Within the scope of the Cordillera Ranch Wildlife Management Plan, the contractor engaged by the CRPOA has been able to capture enough deer to keep the population flat but reducing the deer per acre ratio has been difficult thus far. CRPOA staff and management met with the contractor this summer to evaluate ways to improve the harvest numbers (it is important to note that the contractor only gets paid for deer captured — there is no flat fee). One of the biggest challenges the CRPOA has in generating higher trapping numbers is the number of available trap sites and locations that are close in proximity so they can efficiently be monitored and activated. CRPOA has traps setup on as many CRPOA-owned sites that meet the contractor’s criteria but could use more sites. The CRPOA owns only a very small portion of the land in Cordillera Ranch. This has presented a challenge and proven to be more difficult than originally anticipated. As a result, some property owners have offered their lots for use in certain situations. For those who have offered the use of their land, we are grateful.

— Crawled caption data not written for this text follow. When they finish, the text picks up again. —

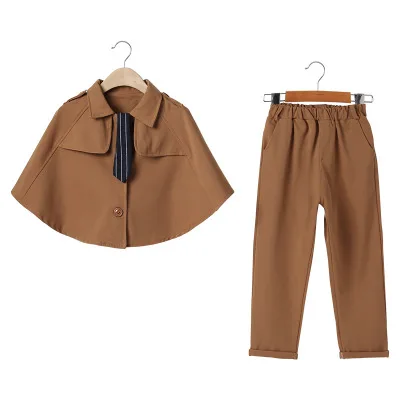 

Elegant Cloak Jacket+Pants Children Girls Two Piece Suits Teenager Girls School Clothing Girls Casual Teenager Kids Tracksuit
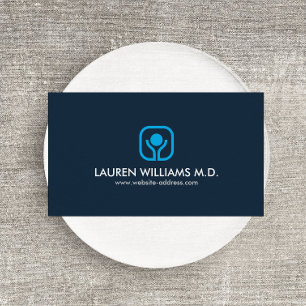 Gezondheid en Wellness Logo op blauw Visitekaartje
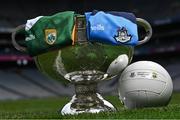 28 July 2023; The Sam Maguire cup is pictured with the jerseys of Dublin and Kerry ahead of the GAA All-Ireland Senior Football Championship Final between Dublin and Kerry at Croke Park on Sunday. Photo by David Fitzgerald/Sportsfile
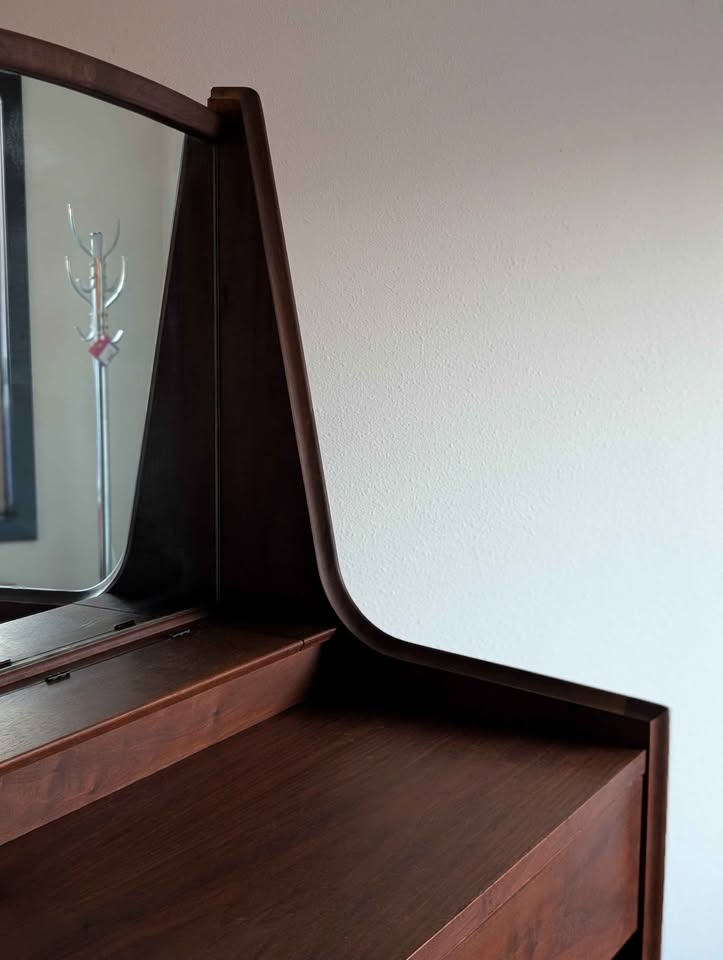 MCM Mirrored Walnut Highboy by Dillingham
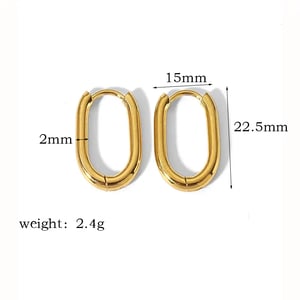 1 Pair Simple Commute Style Solid Color Square Geometric Stainless Steel  Gold Color Women's Hoop Earrings-Extra Large h5 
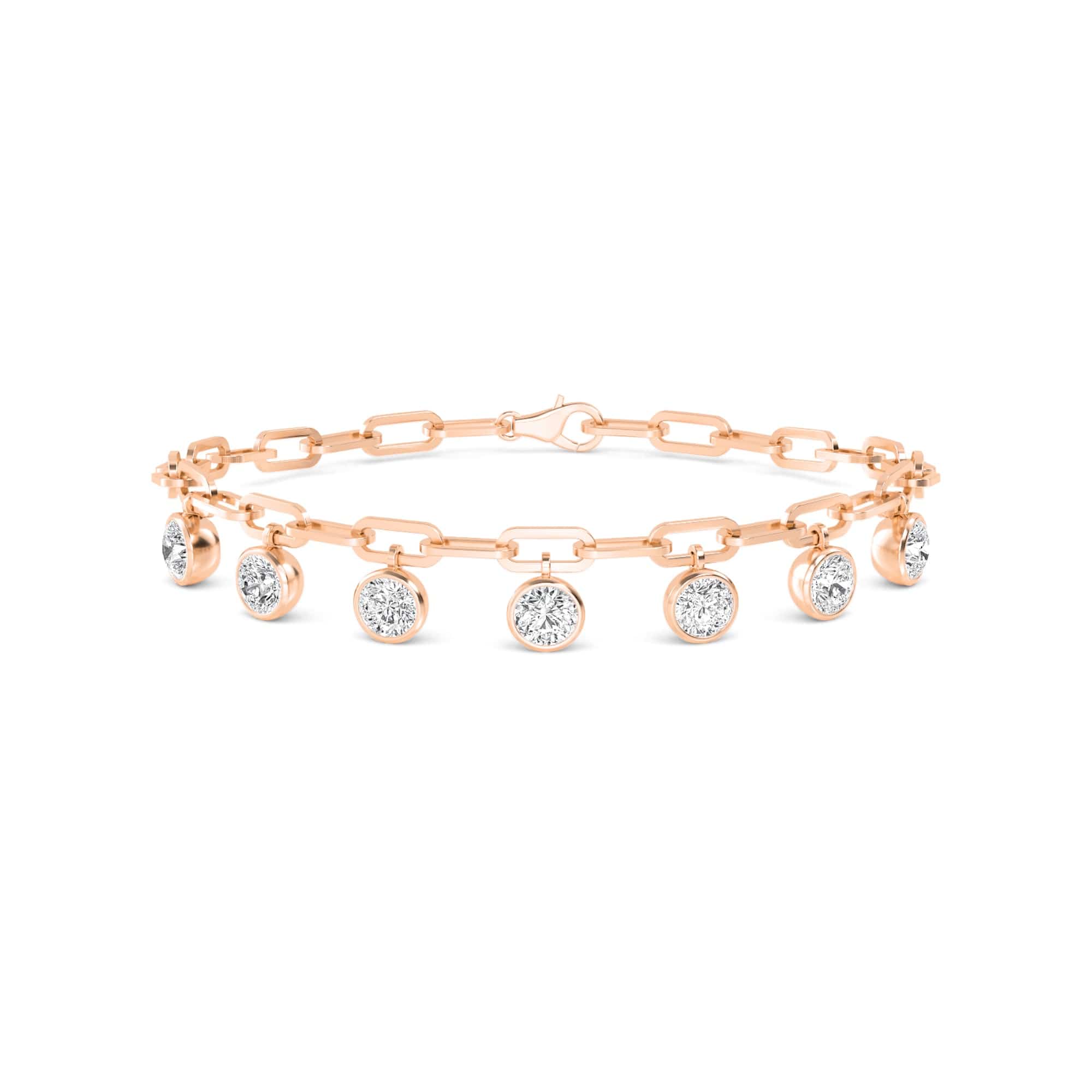 3 Carat Round Lab Grown Diamond Bezel Bracelet - Image 6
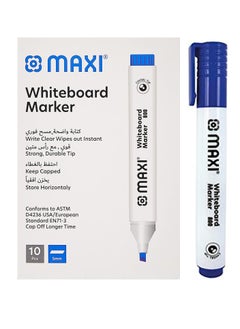 Maxi 10-Piece Dy Erase White Board Markers Chisel Tip Blue Ink  - Image 1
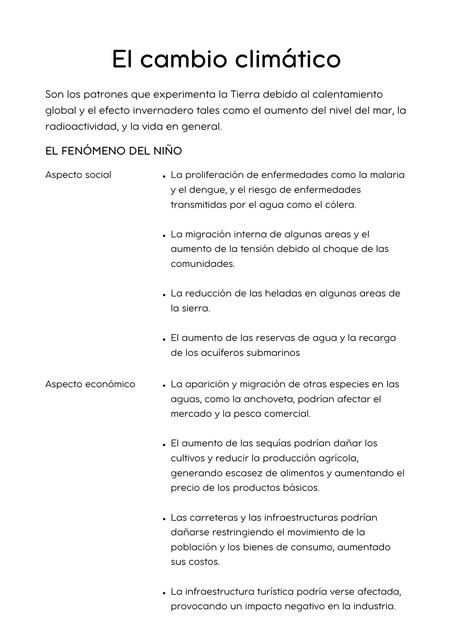 El fenómeno del niño y el cambio climático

The CRPOA Board has approved a payment of $100, the equivalent of the most recent Deer Harvest Special Assessment for 2015, to each property owner that volunteers the use of their land AND for which the property is actually utilized as a trapping site. For a site to work, it must meet the following conditions:

1.  Must be visible from a roadway to allow our trappers to trigger the release on the net after visually confirming presence of deer.

2. Must be fairly flat and free of objects such as trees and larger rocks for an area approximately 80-100 feet in diameter.

3. Vehicles must be able to get within 150 feet of the trapping site.

Once we have confirmed the site meets our terrain requirements, we will begin the process by mowing the area around where the net will be erected and a feeder will be installed to attract deer to this specific site. A number of these sites have already been prepped around the community if you would like to see what they look like. There are sites clearly visible from the road on Sun River, Verde Point and Rio Cordillera.

Lenny Tomasini, the CRPOA Maintenance Manager, along with Matt Haire, CRPOA Manager, attended the Deer Management Symposium at Texas State University in May of 2015. Several deer management methods were discussed at this symposium but the research re-affirmed that for the situation at Cordillera Ranch the TTP program is the best method to continue using when considering cost efficiency and effectiveness.  Under the agreement with the CRPOA Contractor, the POA pays $125 per white-tailed deer captured and $25 per deer to process. If the contractor fails to catch deer, they are not compensated. Any exotic deer caught in the net inadvertently may be sold by the contractor, with the CRPOA receiving 50 percent of the sale.

It should also be reminded that feeding deer on your property in Cordillera Ranch is prohibited (with the exception of properties being used for the TTP program). CRPOA staff will be more aggressively pursuing fines for those violating this rule as it is completely counter to the TTP efforts.

With a habitat the size of Cordillera Ranch and the limitations we have managing white-tailed deer (no hunting, no exterior high fence, etc.), it’s easy to understand why this issue is not a simple one.